As flaky and funny as Stella often was, Al Pawlik was rather standoffish, a conservative, opinionated man whose sense of humor was dry and well hidden. One of the more memorable evenings at our house came during the 1950s when my father took on Al and some other guests — I believe one of them was my Uncle Bill Smolinski — in a long and loud argument over Sen. Joseph McCarthy, who was making headlines with his accusations that communists had infiltrated our government.

My father's position was that McCarthy was a self-serving rabble-rouser whose witch-hunt was a shameful and damaging waste of time. My father challenged Al to name one communist exposed by the Wisconsin senator. Al couldn't — neither could anyone else — but he believed McCarthy was fighting the good fight.

Usually my father and Al avoided political discussions, but at the time McCarthy was an irresistible topic. Needless to say, my father brought it up again a few months later after McCarthy was exposed as a hypocritical blowhard.

Our house on Russet Lane was built with a coal furnace, but we switched to gas when I was in elementary school. Our forced hot air system used the same heat registers that came with the house, registers that were about 10 inches by 10 inches in size, one per room at the base of a wall. When Stella visited during the cold weather months, she'd usually stand for an hour or so in front of the living room register, complaining that she needed the heat because her legs were cold. I don't recall anyone else ever doing that.

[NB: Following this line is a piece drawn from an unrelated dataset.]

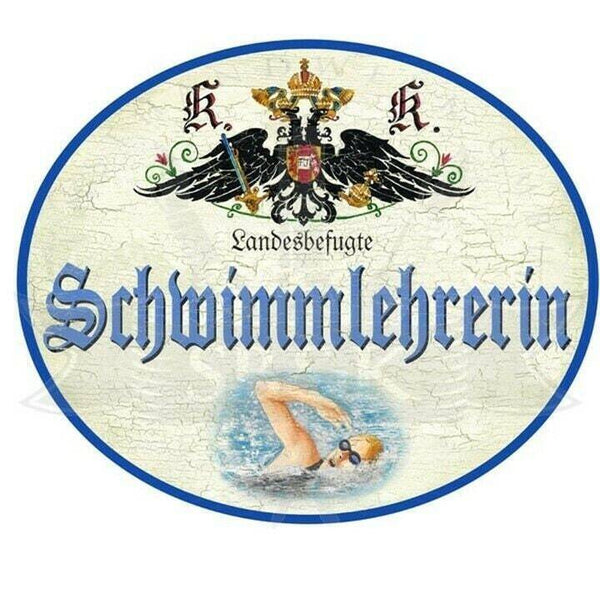Kuk nostalgie holzschild "schwimmlehrerin"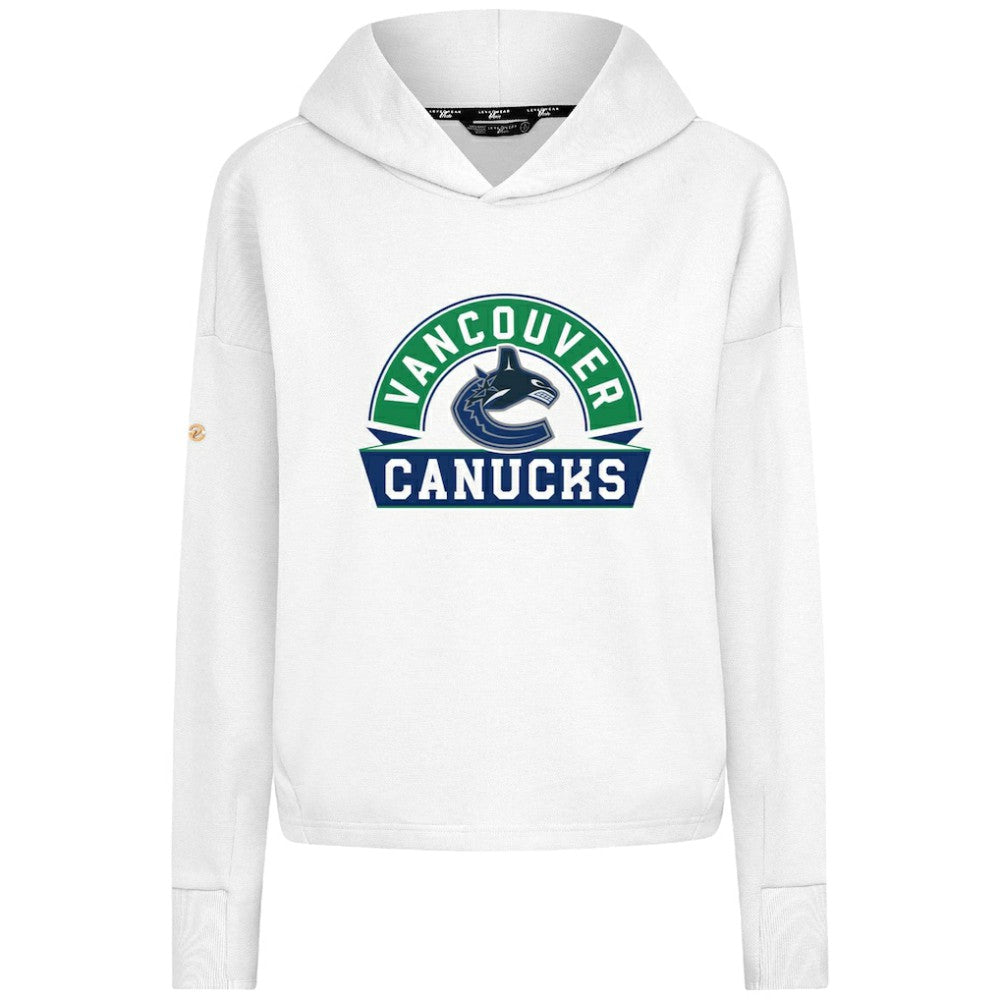 Vancouver Canucks Levelwear Women's Sweet Banner Arch Tri-Blend Cropped Pullover Hoodie - White - NHL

Because of the contrast between the couples, any time my parents got together with Stella and Al was like an episode of a 1950s sitcom. My father and mother reminded me of Ozzie and Harriet, which put Al and Stella in the roles of Joe and Clara Randolph (Lyle Talbot and Mary Jane Croft). Al and Stella also could be the Bickersons; there was a lot of sniping, but neither seemed truly upset. As I said, Al wasn't a funny guy, but I think he got a kick out of his wife. But, then, we all did.

Al Pawlik, a 1929 graduate of Syracuse University Law School, was a lawyer with the U.S. Veterans Administration for 40 years. He died Aug. 16, 1989.

Stella was a bookkeeper for Flah's and the Addis Co. department stores in Syracuse. She died Jan. 21, 2001. She was 93.